**Exercise description:**
Would it be possible to output exactly, and only, the lines below from the one holding "I’m new at this." to the last line, both included, with every picture left out?

**Information supplied:**
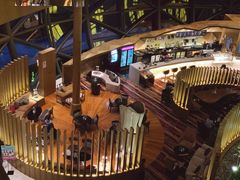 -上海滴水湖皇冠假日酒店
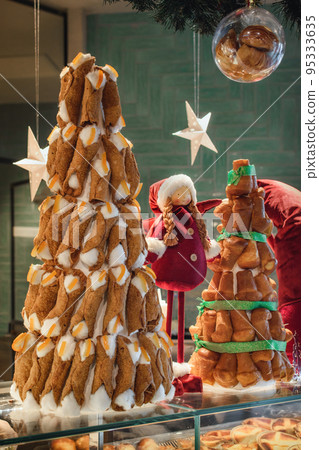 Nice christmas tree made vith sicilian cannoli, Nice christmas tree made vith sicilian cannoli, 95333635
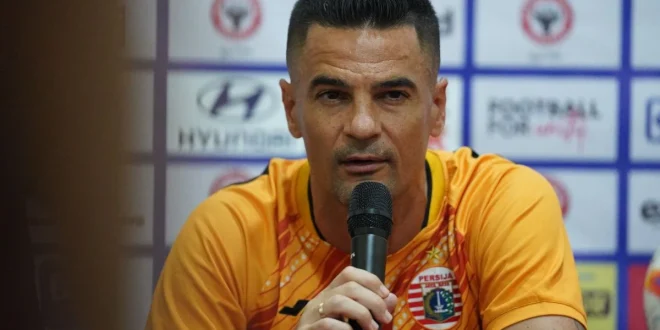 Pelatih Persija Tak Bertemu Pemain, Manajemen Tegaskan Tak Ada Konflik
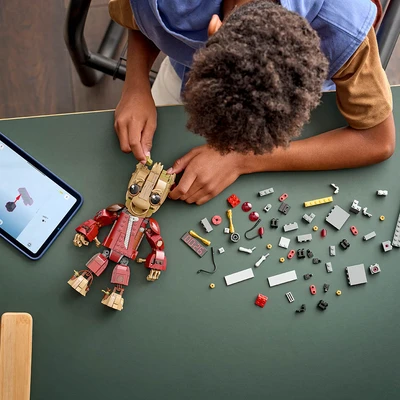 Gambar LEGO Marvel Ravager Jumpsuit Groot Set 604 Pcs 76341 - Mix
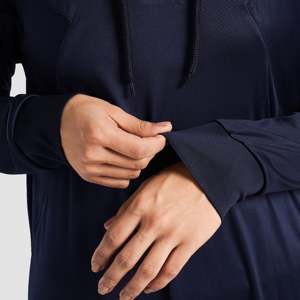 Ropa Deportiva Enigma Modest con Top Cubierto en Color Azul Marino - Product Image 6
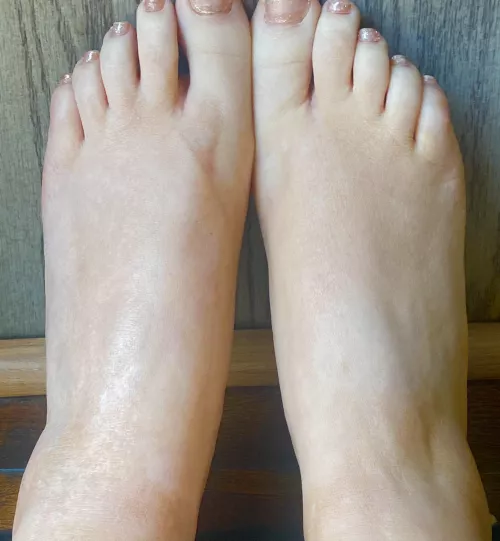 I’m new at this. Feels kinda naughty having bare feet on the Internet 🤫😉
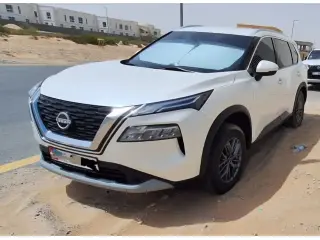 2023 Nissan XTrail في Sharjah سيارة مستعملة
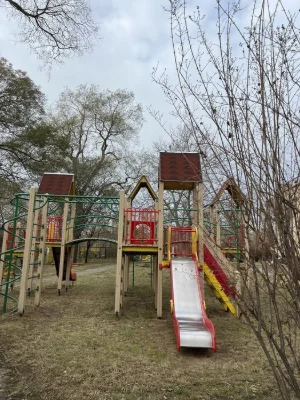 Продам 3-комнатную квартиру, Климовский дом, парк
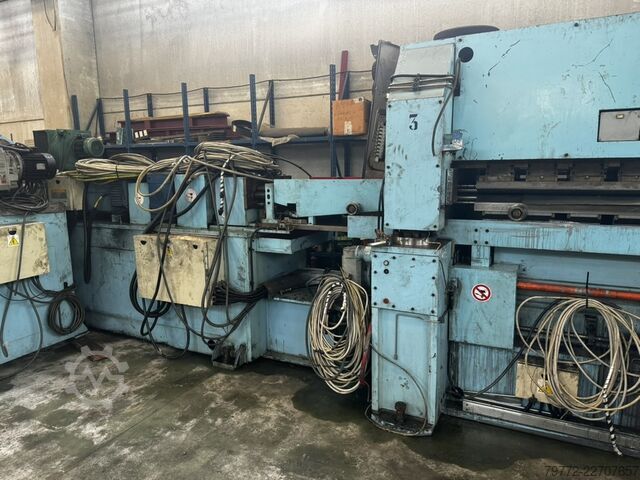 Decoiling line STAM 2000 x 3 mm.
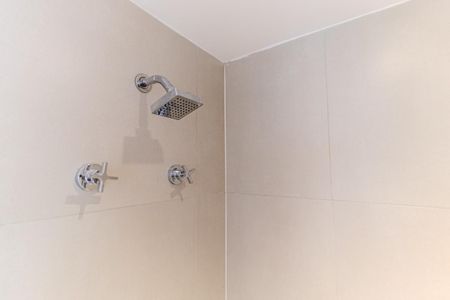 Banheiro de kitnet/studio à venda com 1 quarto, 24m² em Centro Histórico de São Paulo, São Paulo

**Output of the task:**
 I’m new at this. Feels kinda naughty having bare feet on the Internet 🤫😉
 2023 Nissan XTrail في Sharjah سيارة مستعملة
 Продам 3-комнатную квартиру, Климовский дом, парк
 Decoiling line STAM 2000 x 3 mm.
 Banheiro de kitnet/studio à venda com 1 quarto, 24m² em Centro Histórico de São Paulo, São Paulo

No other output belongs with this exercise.